And here is the main application that runs the Blaze server:

object Api extends App {

  BlazeBuilder.bindHttp(8080)
    .mountService(HomeService(), "/")
    .run
    .awaitShutdown()

}

Fair enough to get a server running and serving a GET resource. Until here we have the “hello world” example of an HTTP service. After this we can create more services and add them to the server by invoking the mountService function of the server builder.

What I did was to create two similar services for Products and Users serving just mocking data. However the main difference is that the ProductService serves Json data using Play Json and the UserService exposes Json data using Circe.

PRODUCT SERVICE

This is the code for one of the GET resources for the ProductService:

case GET -> Root =>
  val products = List(Product(1, "Book"), Product(2, "Calc"), Product(3, "Guitar"))
  Ok(Json.toJson(products))

It’s very handy. However to get this code working you need some implicit values in the scope:

  • The Writer for the Play Json library.
  • The EntityEncoder[T] for http4s.

To accomplish this requirements I created the following object that is imported in the ProductService:

object PlayJsonImplicits {

  implicit val playJsonEncoder: EntityEncoder[JsValue] =
    EntityEncoder
      .stringEncoder(Charset.`UTF-8`)
      .contramap { json: JsValue => json.toString() }
      .withContentType(`Content-Type`(MediaType.`application/json`, Charset.`UTF-8`))

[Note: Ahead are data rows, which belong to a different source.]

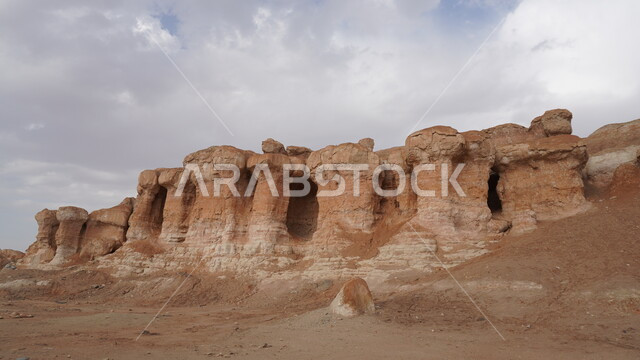 التضاريس الطبيعية والتكوينات والتشكلات الصخرية، المعالم التاريخية الأثرية القديمة في المملكة العربية السعودية، القمم والمرتفعات الجبلية في مدينة الاحساء، جبل القارة في النهار، منظر الغيوم والسحب البيضاء في السماء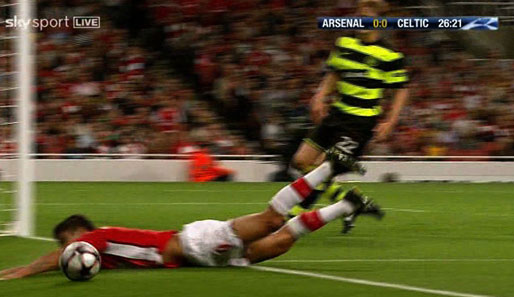 Der Schiedsrichter fällt auf die Schwalbe rein und pfeift Elfmeter für Arsenal. Eduardo verwandelt zum 1:0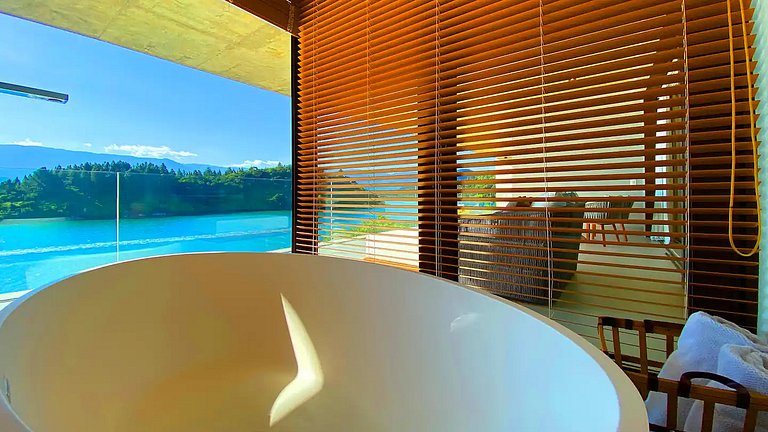 Modern house by the sea in Angra dos Reis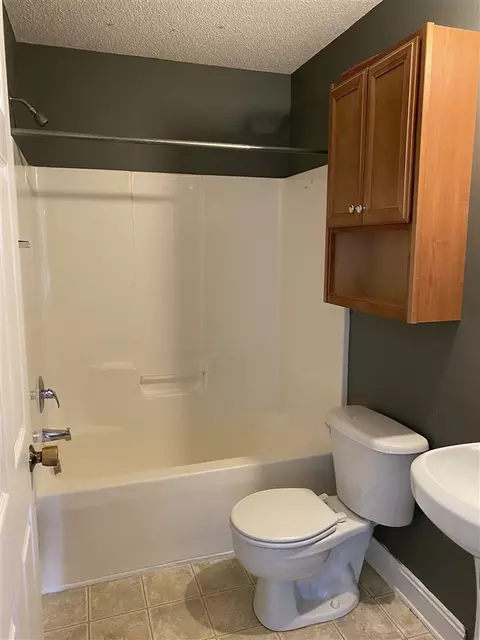 806 Midway Ave, Durham, NC 27703 photo 9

  implicit val productJsonFormat = Json.format[Product]

}

USER SERVICE

This is the code for one of the GET resources of the UserService:

case GET -> Root / id =>
  Ok(User(id.toLong, s"User$id", s"user$id@mail.com").asJson)

And here it happens something similar to the service above. In this case we need to import the Circe implicit values and to provide an EntityEncoder[T]. This is how it looks:

import io.circe.generic.auto._
import io.circe.syntax._
object CirceImplicits {

  implicit val circeJsonEncoder: EntityEncoder[CirceJson] =
    EntityEncoder
      .stringEncoder(Charset.`UTF-8`)
      .contramap { json: CirceJson => json.noSpaces }
      .withContentType(`Content-Type`(MediaType.`application/json`, Charset.`UTF-8`))

}

Until here we have a few services serving Json data but the most attracting feature of this library is the streaming one. So let’s move on some examples.

STREAMING DATA

Http4s was built on top of Scalaz Streams and every Request is transformed into an asynchronous Scalaz Task[Response]. This means that you can use any function that returns an async Task as a Http Response using the helpers provided by http4s.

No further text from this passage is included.